START Material provided

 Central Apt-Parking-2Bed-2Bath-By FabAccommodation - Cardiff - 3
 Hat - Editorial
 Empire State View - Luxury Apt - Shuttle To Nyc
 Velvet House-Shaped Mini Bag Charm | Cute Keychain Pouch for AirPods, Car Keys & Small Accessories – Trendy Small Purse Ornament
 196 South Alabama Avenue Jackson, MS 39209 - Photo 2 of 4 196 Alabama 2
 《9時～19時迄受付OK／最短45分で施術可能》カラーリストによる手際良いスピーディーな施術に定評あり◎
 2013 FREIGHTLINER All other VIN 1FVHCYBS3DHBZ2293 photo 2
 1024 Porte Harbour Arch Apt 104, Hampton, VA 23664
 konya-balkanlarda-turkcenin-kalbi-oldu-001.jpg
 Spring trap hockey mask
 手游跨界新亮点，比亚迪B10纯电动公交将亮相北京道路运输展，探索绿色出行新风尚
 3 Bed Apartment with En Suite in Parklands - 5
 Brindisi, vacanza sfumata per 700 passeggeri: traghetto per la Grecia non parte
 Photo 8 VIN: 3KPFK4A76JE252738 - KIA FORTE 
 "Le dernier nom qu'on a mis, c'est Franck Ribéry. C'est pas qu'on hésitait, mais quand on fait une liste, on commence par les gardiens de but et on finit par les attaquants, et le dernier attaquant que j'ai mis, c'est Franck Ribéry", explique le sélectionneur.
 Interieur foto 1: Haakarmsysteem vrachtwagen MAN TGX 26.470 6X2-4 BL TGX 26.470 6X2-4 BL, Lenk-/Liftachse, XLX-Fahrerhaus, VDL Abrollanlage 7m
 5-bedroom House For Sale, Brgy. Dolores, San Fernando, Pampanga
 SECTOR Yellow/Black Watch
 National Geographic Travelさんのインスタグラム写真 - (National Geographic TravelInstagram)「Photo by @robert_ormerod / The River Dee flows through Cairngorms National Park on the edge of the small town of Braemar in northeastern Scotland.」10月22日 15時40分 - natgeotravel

END Material provided

**Exercise description**: What you write must be the entries restated word for word, from the opening line through the one holding "SECTOR Yellow/Black Watch", with nothing else.

**Solution to the problem**:
 Central Apt-Parking-2Bed-2Bath-By FabAccommodation - Cardiff - 3
 Hat - Editorial
 Empire State View - Luxury Apt - Shuttle To Nyc
 Velvet House-Shaped Mini Bag Charm | Cute Keychain Pouch for AirPods, Car Keys & Small Accessories – Trendy Small Purse Ornament
 196 South Alabama Avenue Jackson, MS 39209 - Photo 2 of 4 196 Alabama 2
 《9時～19時迄受付OK／最短45分で施術可能》カラーリストによる手際良いスピーディーな施術に定評あり◎
 2013 FREIGHTLINER All other VIN 1FVHCYBS3DHBZ2293 photo 2
 1024 Porte Harbour Arch Apt 104, Hampton, VA 23664
 konya-balkanlarda-turkcenin-kalbi-oldu-001.jpg
 Spring trap hockey mask
 手游跨界新亮点，比亚迪B10纯电动公交将亮相北京道路运输展，探索绿色出行新风尚
 3 Bed Apartment with En Suite in Parklands - 5
 Brindisi, vacanza sfumata per 700 passeggeri: traghetto per la Grecia non parte
 Photo 8 VIN: 3KPFK4A76JE252738 - KIA FORTE 
 "Le dernier nom qu'on a mis, c'est Franck Ribéry. C'est pas qu'on hésitait, mais quand on fait une liste, on commence par les gardiens de but et on finit par les attaquants, et le dernier attaquant que j'ai mis, c'est Franck Ribéry", explique le sélectionneur.
 Interieur foto 1: Haakarmsysteem vrachtwagen MAN TGX 26.470 6X2-4 BL TGX 26.470 6X2-4 BL, Lenk-/Liftachse, XLX-Fahrerhaus, VDL Abrollanlage 7m
 5-bedroom House For Sale, Brgy. Dolores, San Fernando, Pampanga
 SECTOR Yellow/Black Watch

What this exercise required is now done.